Compassion can be valuable - if its meaning is not just to sympathise with other people's distress but to act, to alleviate it. It needs to recognise that for many people distress is caused by wholly preventable factors. For example, people who become housebound often become depressed. Improving access to the local environment, restoring their contact, is a more appropriate response than sympathy or counselling.

People are vulnerable at times, but this is a transitional state, not an absolute one: if you stay out all night in sub zero weather, you are vulnerable to hypothermia. If a loved one dies you are vulnerable to deep sadness. This does not define you as a chilly or a sad person! But people who will get sick if someone does not get them out of bed or fetch them a meal, and who turn to statutory services to cover this need, find themselves categorised, defined, as vulnerable. Services for "vulnerable" people treat their recipients as passive, and result in perpetuating dependency.

What matters about all this is not that some woolly words make us feel queasy. It is that the thinking behind them produces the wrong solutions. In recent years, among ourselves disabled people have developed all sorts of ideas and insights, relevant to both disabled and non-disabled people. We have, for example, designed new methods of providing services, which enable people with significant impairments to work and live independently. At one level, government recognises this, in its support for direct payments, for example.

But at another level, it often sounds as if those in government are turning away from the progressive, transformative potential of communities, such as the disability movement and other service user movements, and focusing purely on our problems. This is damaging in all sorts of ways. Good policies about promoting independence are undermined if those charged with implementing them believe that service users are inherently dependent. Valuable user involvement in service development is thwarted if service managers believe that users are incapable.
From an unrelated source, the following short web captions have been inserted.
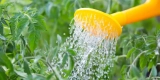 What Are the Best Ways to Water Plants While on Vacation?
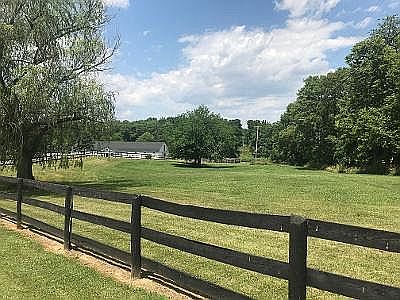 Front pasture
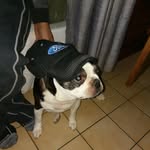 Kurt Staley - @scrapper818 - Instagram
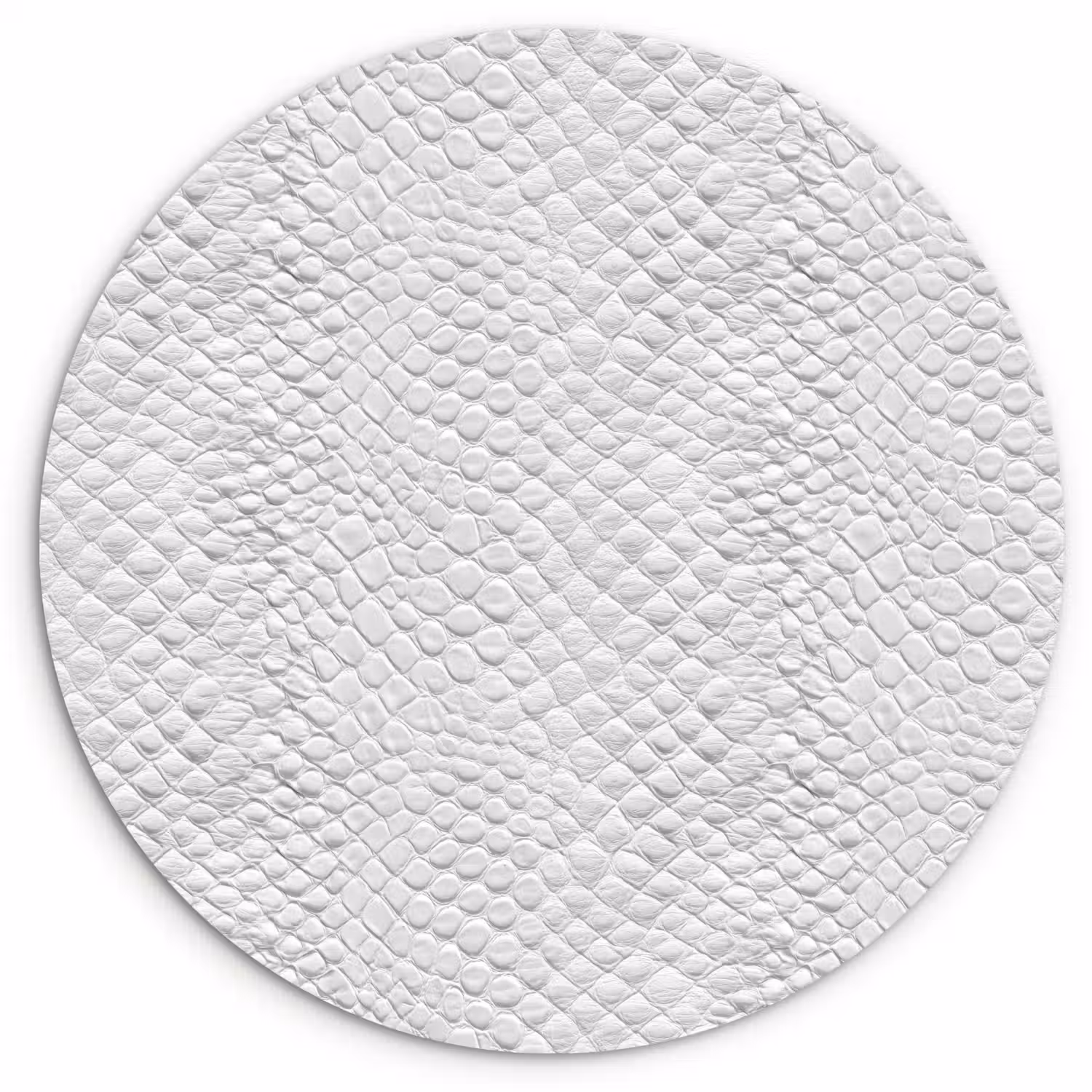 Slang - Patroon - Wit Wandcirkel kunststof plaat 5mm dik klein 188 -3d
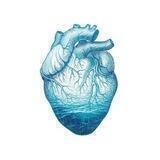 لآخـرتك ♡︎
Worse, some service providers seem to ally concepts of vulnerable and needy with demanding, in a curious way to make being in need into a socially irresponsible act. Many service users are seen as a drain on resources, creating a problem in managing budgets. The human rights issues are invisible.
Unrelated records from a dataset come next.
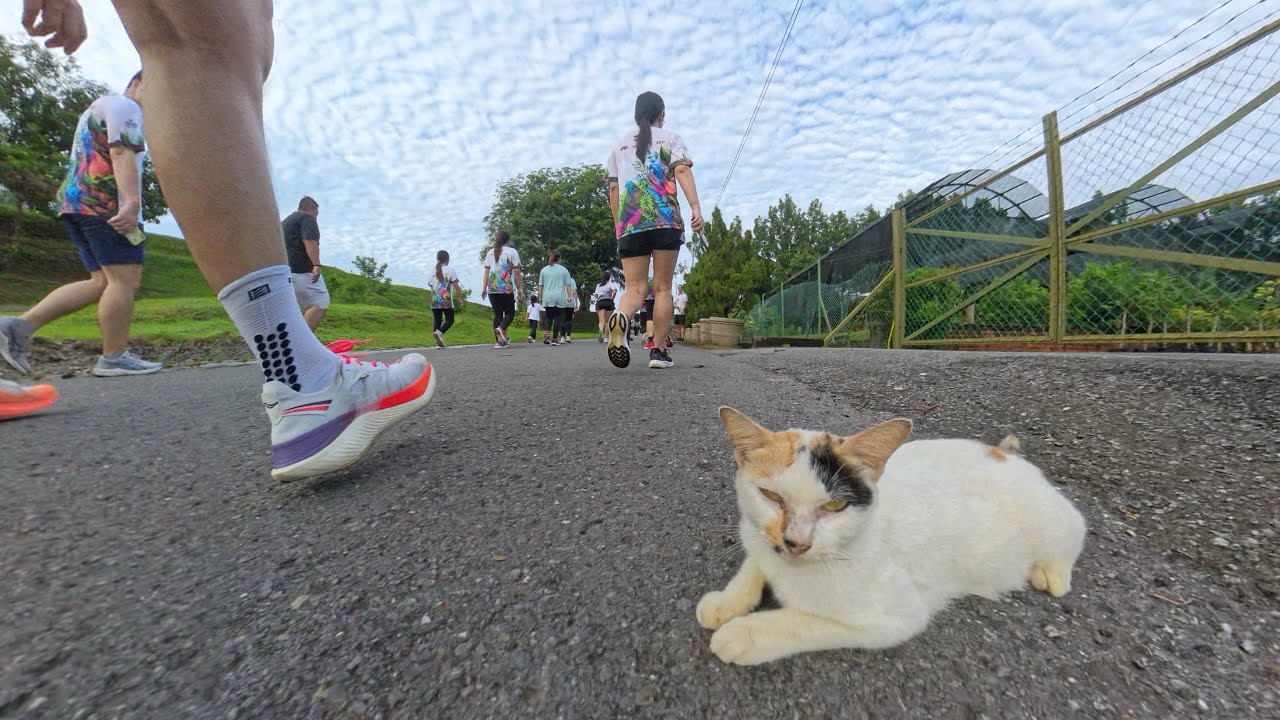 KUCHING X-TIVE URBAN RUN 2025 | 18.05.2025 | KUCHING, SARAWAK
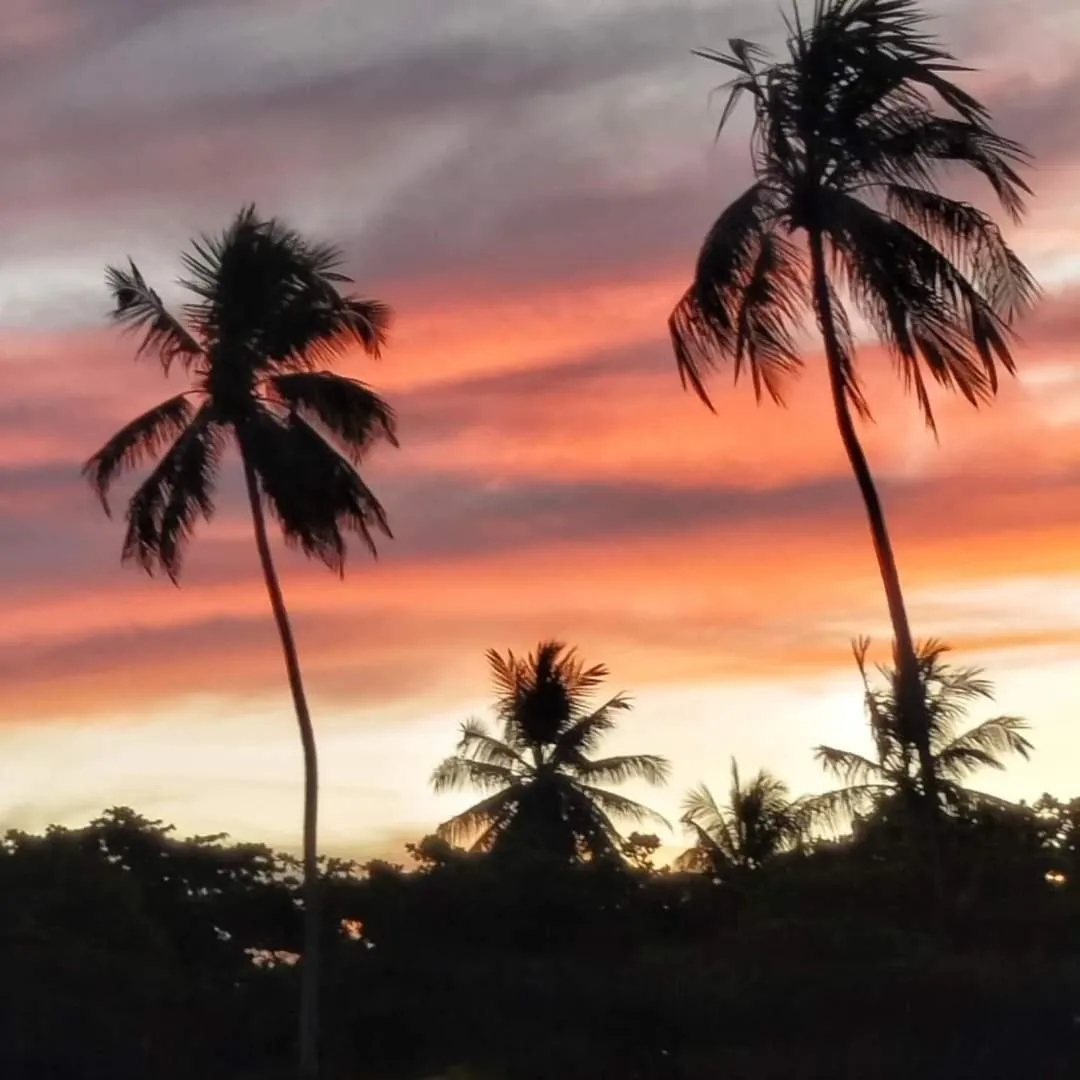 Beach in Angá Beach Hotel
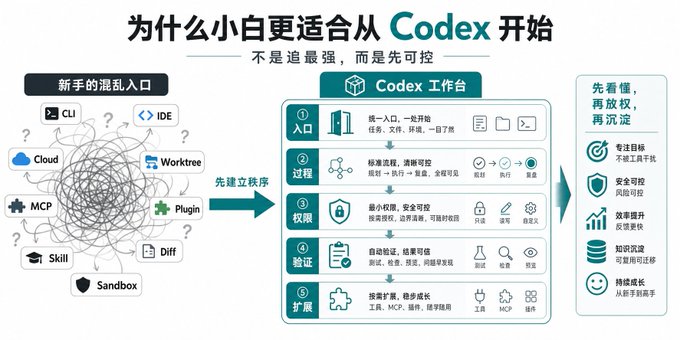 为什么新手适合codex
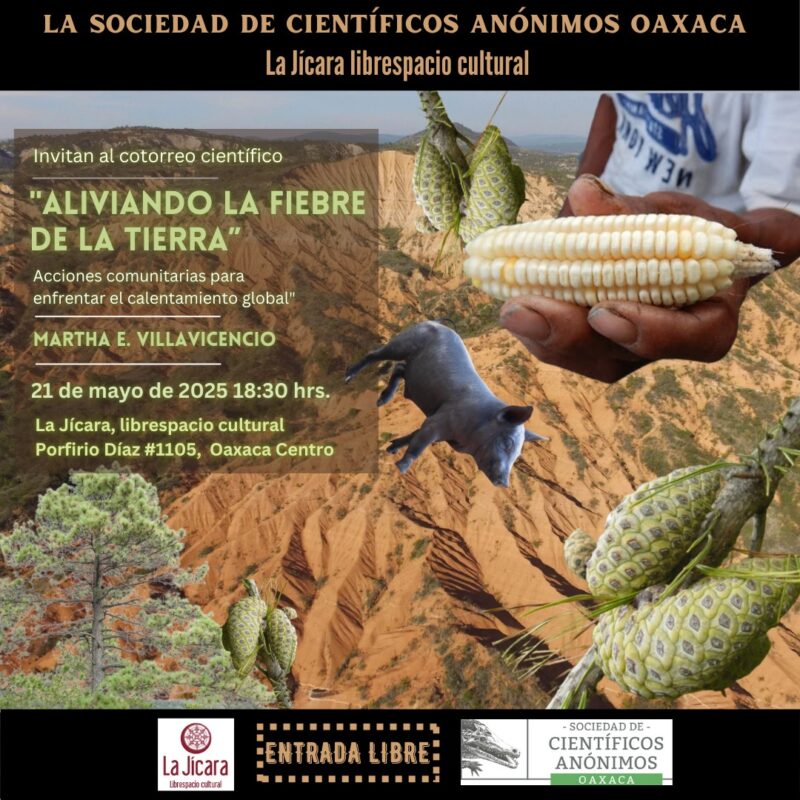 <strong>SCAOAX23: Aliviando la fiebre de la tierra. Acciones comunitarias para enfrentar el calentamiento global</strong>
Words matter. It is convenient to have a collective adjective to describe consumers of welfare services, but it is also dangerous. In order to use education services we do not have to be defined as “ignorant” (even if in one sense we certainly are - else we would not require the education.) Although “vulnerable” is not used in a pejorative sense (as “ignorant” can be) it is still a loaded word. It should be used with greater selectivity and greater sensitivity.
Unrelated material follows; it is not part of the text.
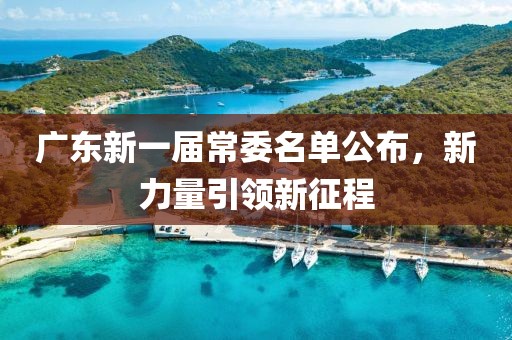 广东新一届常委名单公布，新力量引领新征程
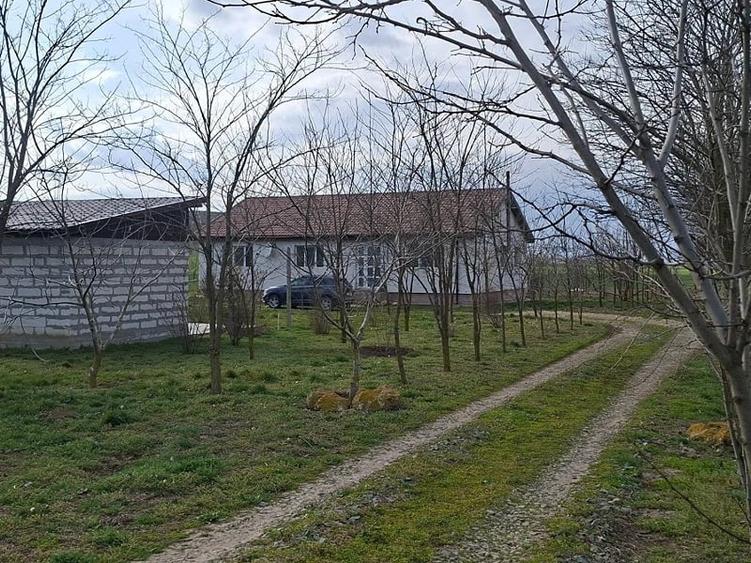 Teren de 90000 mp, în Central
In conclusion, I want to leave you with Confucius

One day a disciple asked him “If a king were to entrust you with a territory which you could govern according to your ideas, what would you do first? Confucius replied, “My first task would certainly be to rectify the names.” On hearing this the disciple was puzzled “Rectify the names? And that would be your first priority? Is this a joke?”

Confucius explained, “If the names are not correct, if they do not match realities, language has no object. If language is without an object, action becomes impossible – and therefore, all human affairs disintegrate and their management becomes pointless and impossible. Hence the very first task of a true statesman is to rectify the names.”